Open cbuescher opened 5 years ago
Pinging @elastic/es-search
As a simple recreation, consider this example:
PUT test_index
{
"mappings": {
"properties": {
"name": {
"type": "keyword"
},
"name_completion": {
"type": "completion",
"analyzer": "my_analyzer"
}
}
},
"settings": {
"index": {
"number_of_shards": "2",
"analysis": {
"filter": {
"my_synonym": {
"type": "synonym",
"synonyms": [
"meyer => meyer, m",
"mueller => mueller, m",
"mann => mann, m",
"meier => meier, m",
"murnau => murnau, m",
"munch => munch, m",
"myerz = myerz, m",
"mohn => mohn, m",
"mahler => mahler, m"
]
}
},
"analyzer": {
"my_analyzer": {
"filter": [
"my_synonym"
],
"tokenizer": "whitespace"
}
}
}
}
}
}
PUT /_bulk
{ "index" : { "_index" : "test_index", "_id" : "1" } }
{"name": "anna meyer", "name_completion": {"input": "anna meyer", "weight": 1}}
{ "index" : { "_index" : "test_index", "_id" : "2" } }
{"name": "anna mueller", "name_completion": {"input": "anna mueller", "weight": 2}}
{ "index" : { "_index" : "test_index", "_id" : "3" } }
{"name": "anna mann", "name_completion": {"input": "anna mann", "weight": 3}}
{ "index" : { "_index" : "test_index", "_id" : "4" } }
{"name": "anna murnau", "name_completion": {"input": "anna murnau", "weight": 4}}
{ "index" : { "_index" : "test_index", "_id" : "5" } }
{"name": "anna munch", "name_completion": {"input": "anna munch", "weight": 5}}
{ "index" : { "_index" : "test_index", "_id" : "6" } }
{"name": "anna myerz", "name_completion": {"input": "anna myerz", "weight": 6}}
{ "index" : { "_index" : "test_index", "_id" : "7" } }
{"name": "anna mohn", "name_completion": {"input": "anna mohn", "weight": 7}}
{ "index" : { "_index" : "test_index", "_id" : "8" } }
{"name": "anna mahler", "name_completion": {"input": "anna mahler", "weight": 8}}
{ "index" : { "_index" : "test_index", "_id" : "9" } }
{"name": "anna meier", "name_completion": {"input": "anna meier", "weight": 9}}
On at least 7.3 , getting the top 5 suggestions for "anna":
POST /test_index/_search
{
"suggest": {
"test-suggest" : {
"prefix" : "anna",
"completion" : {
"field" : "name_completion",
"size": 5
}
}
}
}
returns the following five suggestions for _id
9, 8, 7, 6, 4 in decending order of weights. However there is doc 5 with weight 5 which should appear before doc 4. Increasing the "size" to 10 returns document ids 9 to 2 in correct order, but is still missing doc 1, which again only appears when querying for more than 12 suggestions.
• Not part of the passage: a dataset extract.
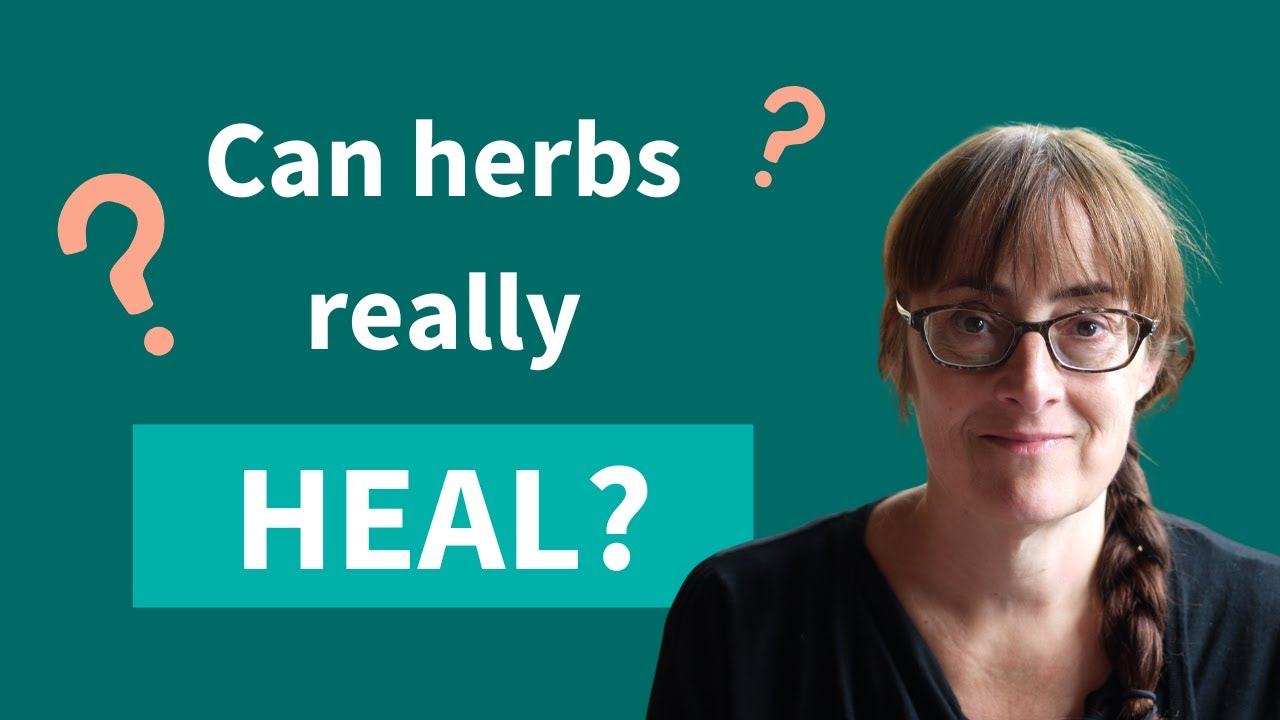 The Science of Herbal Teas 🍵 | Dr Viv Rolfe on Herbs, Health & Healing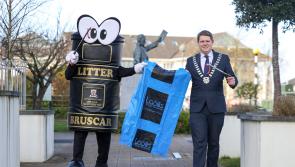Community Alert  group organises its Laois spring clean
I opened https://github.com/apache/lucene-solr/pull/913 to fix some of the underlying issues in Lucene. We'd also need to change our own TopSuggestGroupDocsCollector#collect
method to correctly signal document rejections after that change.
Hi team, can we have this fix backported to 6.x (e.g. 6.8)?
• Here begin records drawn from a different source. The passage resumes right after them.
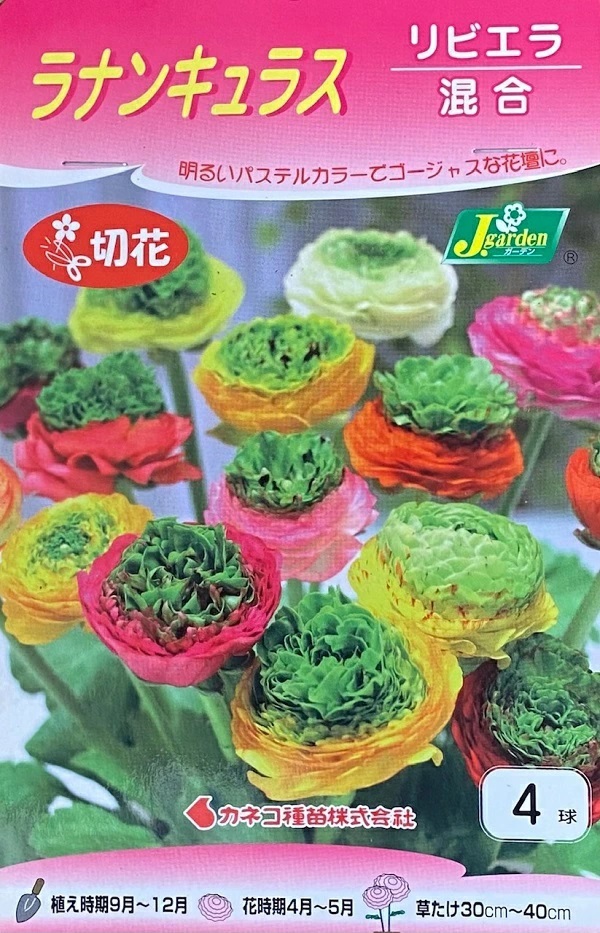 ラナンキュラス　リビエラ混合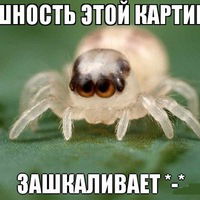 Антон Сергеев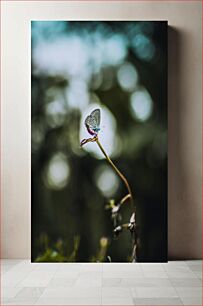 Πίνακας, Butterfly on a Flower Πεταλούδα σε ένα λουλούδι
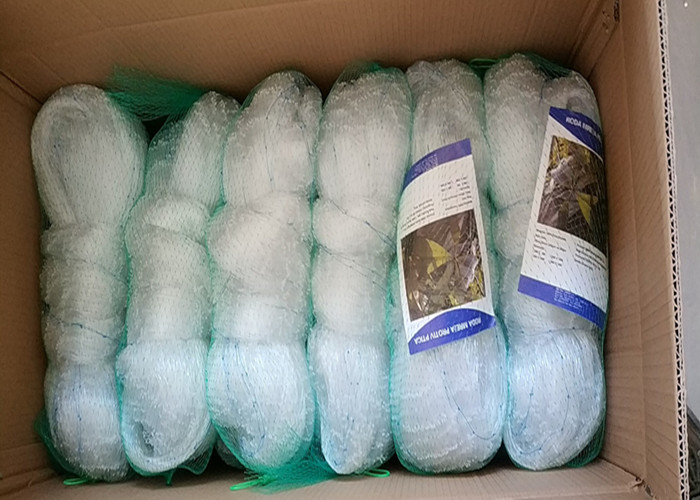 מטפס על צמחים נטו נטו חקלאות נטו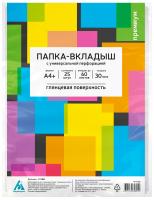 Папка-вкладыш Бюрократ Премиум -013BB глянцевые A4+ 30мкм (упак.:25шт)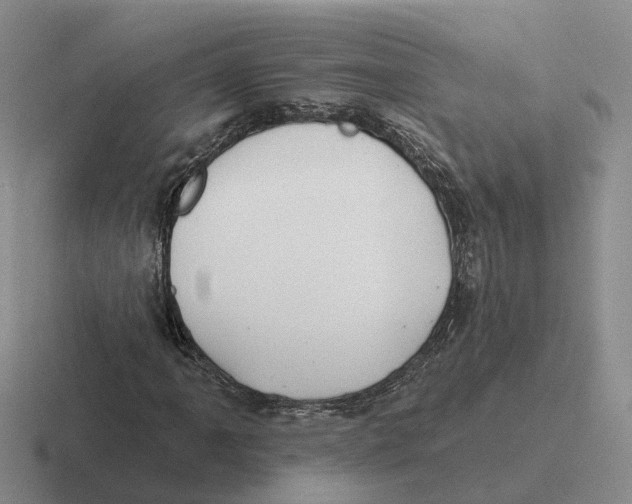 X0000116651061201001041046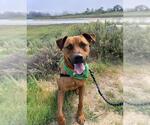 Small Rhodesian Ridgeback Mix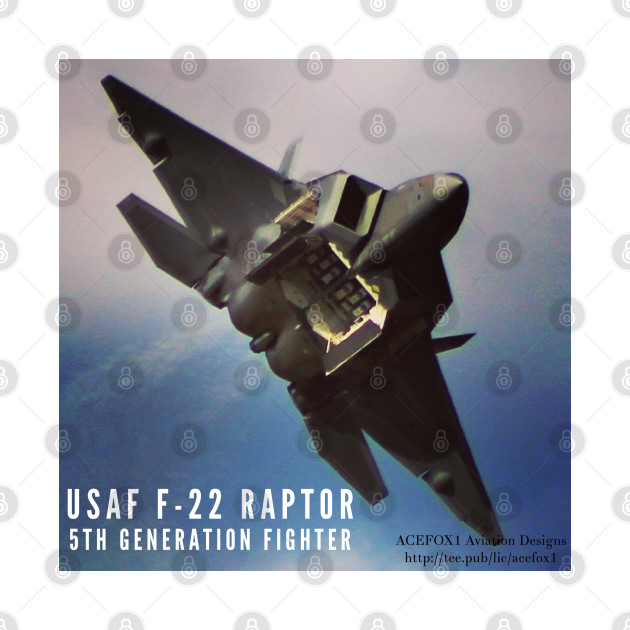 2-Sided F-22 Raptor by acefox1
Pinging @elastic/es-search (Team:Search)
Pinging @elastic/es-search-relevance (Team:Search Relevance)
It was observed that when restricting completion suggestions to a certain size n, the top suggestions returned can miss out on certain suggestions that otherwise appear in the top n results when querying for a larger return window (by increasing size). This was particularly observed when there was more than one shard and and the analyzer on the suggest field produced multiple token in the same location. This can lead to multiple paths in the Lucene suggester datastructure leading to the same doc id.